The 20-acre farm would have produced the largest medical marijuana crop in
the world, according to an August article in High Times, a magazine devoted
to marijuana cultivation.

DEA agents arrested medical marijuana activist Charles "Eddy" Lepp on
marijuana cultivation charges, Meyer said. Twelve other people also were
arrested during the raid, he said. Their identities and details of their
arrests and charges were unavailable.

The farm's precise rows of pot plants and drip irrigation system resembled
a corporate Wine Country vineyard more than an outlaw pot field. Row after
row of knee-high plants could be seen from Highway 20, which skirts the
farm just 50 yards away across an open field. To the rear of the property,
plants were as high as 8 feet tall, law enforcement agents said.

Lepp made no pretense of hiding the pot farm, touted as the "World's
Biggest Medi-Garden" in a headline on the August cover of High Times.

A minister in the Universal Life Church, Lepp is "devoted wholeheartedly to
one thing: proving that our federal government has no right to prevent
anyone from using marijuana," the magazine wrote in a January story
headlined "The Man Who Would Change the World."

Members of his "ministry" bought shares of the marijuana crop, Lepp's wife,
Linda Senti, said Wednesday.

"They're not his plants. Eddy and I had plants, but the other plants were
patients' plants," Senti said.

She said the crop had more than 1,000 shareholders.

"They're going to suffer a lot. That was a year's supply of medication for
them," Senti said.

Lepp has become something of a celebrity in medical marijuana circles. He
has lobbied Lake County supervisors to set medical marijuana standards, and
he smoked pot openly outside the Federal Building in Santa Rosa during a
2002 demonstration in support of medical marijuana.

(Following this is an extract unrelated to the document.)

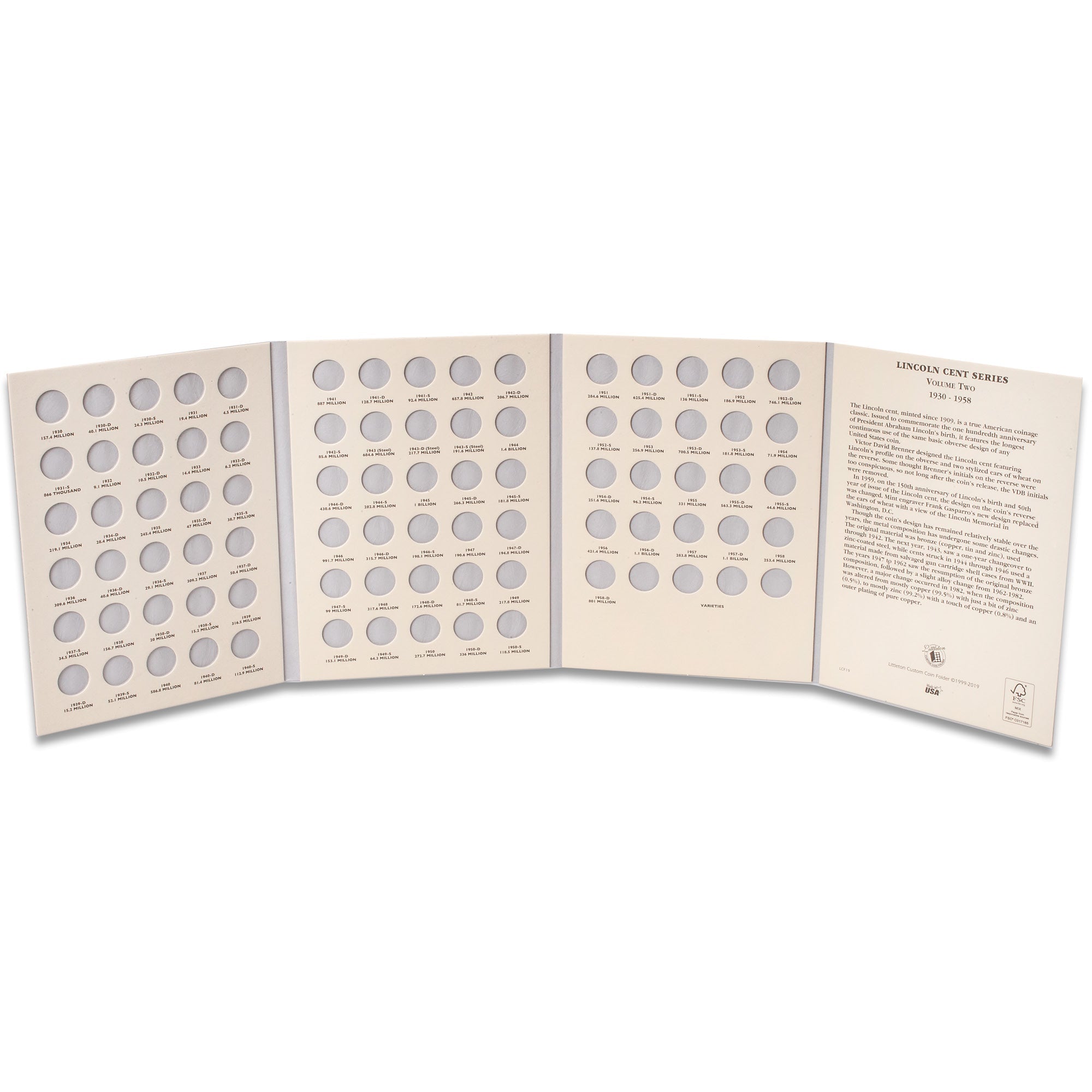 1930-1958 Lincoln Cent Folder Volume 2 Littleton Coin Company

In 1997, Lepp and another man were arrested with 131 pot plants in Lake
County. Lepp's co-defendant pleaded guilty to illegal cultivation, but Lepp
went to trial in Lake County and was found innocent, largely because he is
a medical marijuana patient.

Two years ago, federal agents seized about 350 plants from Lepp and Senti,
but they were never arrested. Senti said they've sued the federal
government to recover the plants.

Lepp's farm, about a mile east of Upper Lake, was hardly a secret in Lake
County.

"It's been controversial here for a long time," said lifelong Upper Lake
resident Mickey Strong, owner of B.J.'s Beauty Boutique. "We tried to get
him (Lepp) out before, but he keeps showing up like a bad penny."

Local law enforcement officials have known about the operation long before
the August story in High Times, said an investigator who spoke on condition
of anonymity.

A task force of local, state and federal officers raided the ranch early
Wednesday morning. They planned to work into the night ripping the plants
out of the ground.

The crop was expected to fill two 40-cubic-yard trash bins. Officials kept
some of the plants for evidence and planned to destroy the rest by burying
them in trenches.

Lepp repeatedly has said he has the legal right to grow marijuana under a
law approved by California voters in 1996, which exempts from prosecution
patients and caregivers who possess or cultivate marijuana for medical
treatment.

But the law does not make it legal to sell marijuana, Meyer said. Nor is
marijuana a legitimate drug under federal law, he said.

"I don't know where they get this idea marijuana is a life-saving
medicine," Meyer said.

Senti said her husband was not selling the marijuana. Instead, she said,
the pot was owned by patients who lease the land from him.

Lepp's Upper Lake neighbors, most of them aware of the garden, had mixed
reactions about medical marijuana.

"I see the value in it," said Meyo Marrufo, owner of Native Ways, an Indian
arts and crafts store in downtown Upper Lake. She said it could have helped
her uncle when he was dying of AIDS.

"Live and let live," said longtime Upper Lake resident Joann Madia outside
a store on Main Street.

The women in B.J.'s Beauty Boutique on Wednesday afternoon were of a
different mind.

"It destroys the brain," Lucy Anderson said of the plant.